Armed militants could be seen walking about or hiding in buildings in the otherwise deserted streets of Beirut as gunfire rang out, in scenes ominously reminiscent of the 1975-1990 civil war.
The international community launched urgent appeals for calm in the deeply divided country amid fears of a descent into chaos after a bitter 18-month power struggle.
The managing editor of Al-Mustaqbal newspaper, which is run by the pro-government Future Movement, told AFP that opposition gunmen had circled the paper's building in west Beirut early Friday, firing guns and rocket-propelled grenades and setting fire to the fourth floor of the six-storey building.
"There are a number of journalists and officials inside the building but luckily no one has been injured," George Bkassini said.
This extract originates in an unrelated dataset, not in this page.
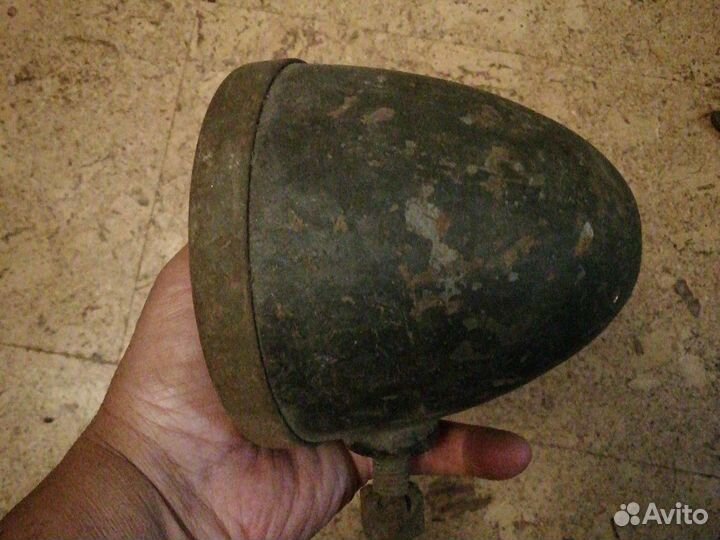 Подфарник от старого автомобиля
He said troops arrived in the area shortly after the incident.
Air traffic, meanwhile, was set to be paralyzed for the third straight day with no flights scheduled to land or take off from Beirut international airport, an airport official said.
The United States delivered a blunt warning to the Iranian- and Syrian-backed Hezbollah to stop its "disruptive activities" while UN Security Council members said they were "deeply concerned" over the crisis.
Nasrallah delivered his fiery speech Thursday, on the second day of anti-government protests which saw supporters of the feuding factions block roads in various parts of the country.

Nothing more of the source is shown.